▶ _WHAT TO PRODUCE_
Write out the entries verbatim and leave the images out of the copy.

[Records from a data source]
+-------+
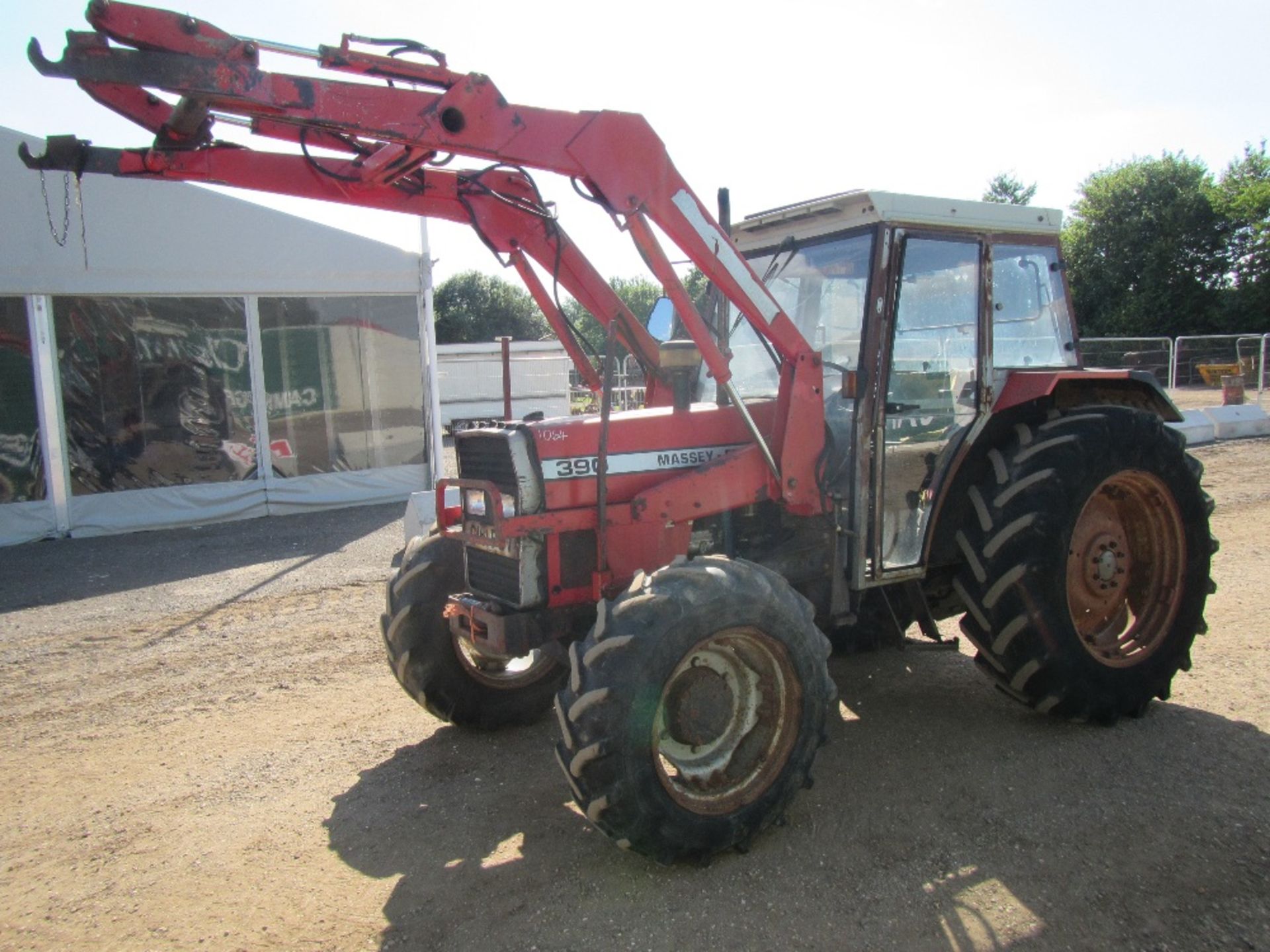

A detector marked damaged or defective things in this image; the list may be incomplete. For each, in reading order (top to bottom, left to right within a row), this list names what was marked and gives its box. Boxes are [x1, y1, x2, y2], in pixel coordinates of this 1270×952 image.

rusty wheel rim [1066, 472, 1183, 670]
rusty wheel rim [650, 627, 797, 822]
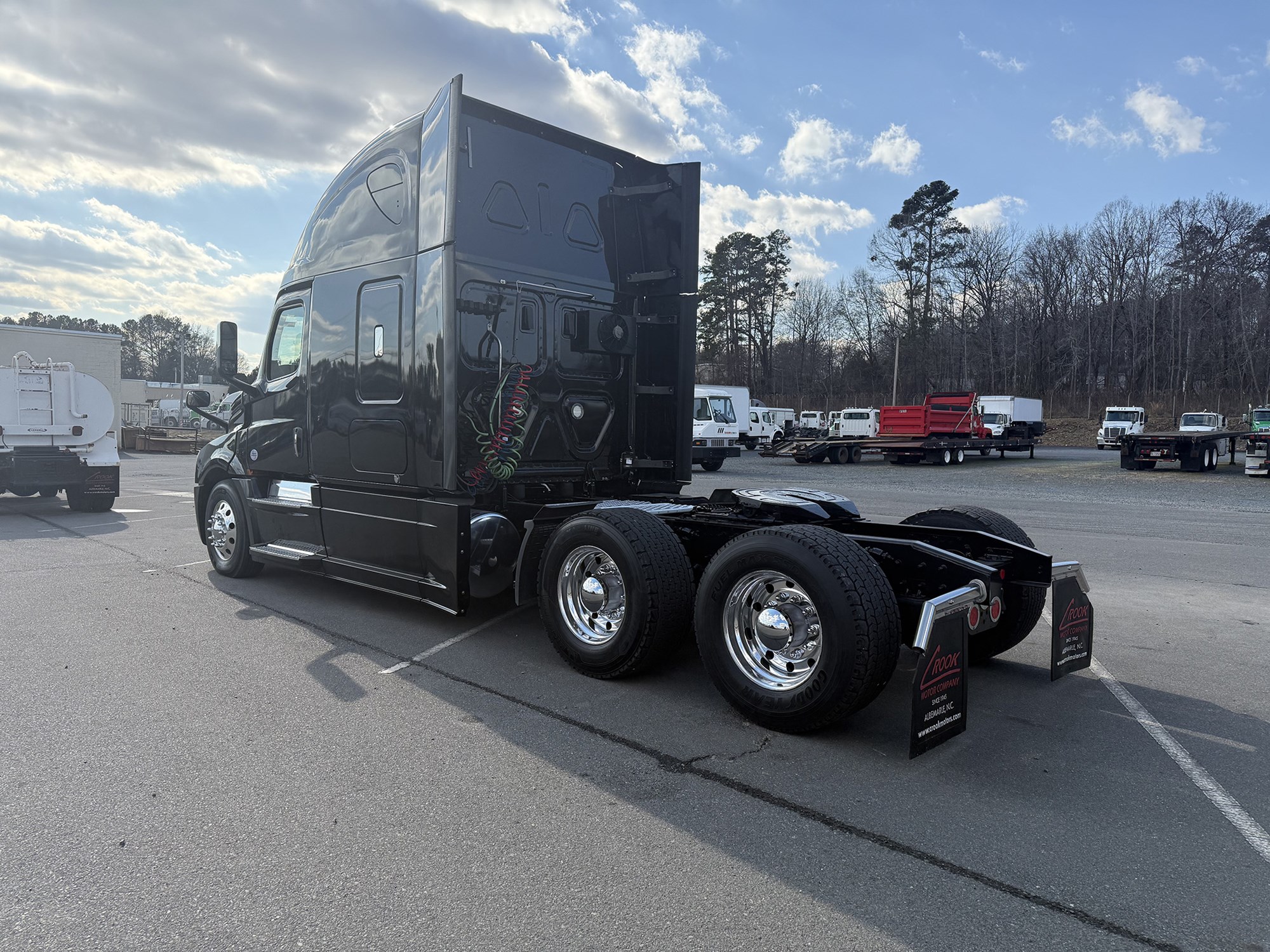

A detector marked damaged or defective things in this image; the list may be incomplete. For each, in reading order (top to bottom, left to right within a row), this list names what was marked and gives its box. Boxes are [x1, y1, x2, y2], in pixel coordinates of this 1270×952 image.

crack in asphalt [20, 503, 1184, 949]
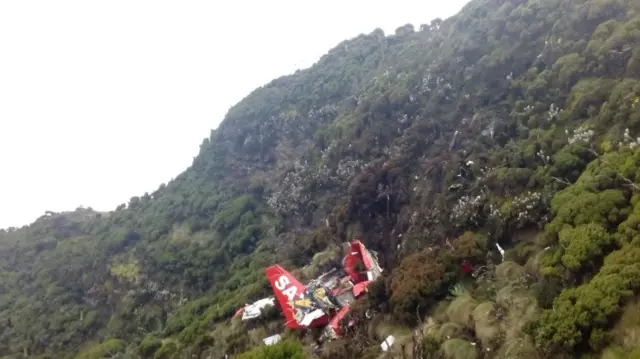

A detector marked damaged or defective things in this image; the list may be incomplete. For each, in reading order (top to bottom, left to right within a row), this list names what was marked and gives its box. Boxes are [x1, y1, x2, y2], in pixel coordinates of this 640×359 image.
+-------+
▶ _ANSWER TO THIS PROBLEM_
A detector marked damaged or defective things in this image; the list may be incomplete. For each, in reading order (top to bottom, left to right within a row), this list names what was marked and gives its box. Boxes are [x1, y1, x2, y2], in pixel coordinates of this 1270×952 image.

rusty wheel rim [1066, 472, 1183, 670]
rusty wheel rim [650, 627, 797, 822]

A detector marked damaged or defective things in this image; the list may be incomplete. For each, in reading order (top to bottom, left to right within a row), this list names what was marked and gives its box. Boxes are [x1, y1, x2, y2], in pixel coordinates of this 1270×952 image.

crack in asphalt [20, 503, 1184, 949]

A detector marked damaged or defective things in this image; the list may be incomplete. For each, in reading order (top to bottom, left to right within a row), this list names what was marked and gives its box. Boxes are [x1, y1, x2, y2], in pixel coordinates of this 640×359 image.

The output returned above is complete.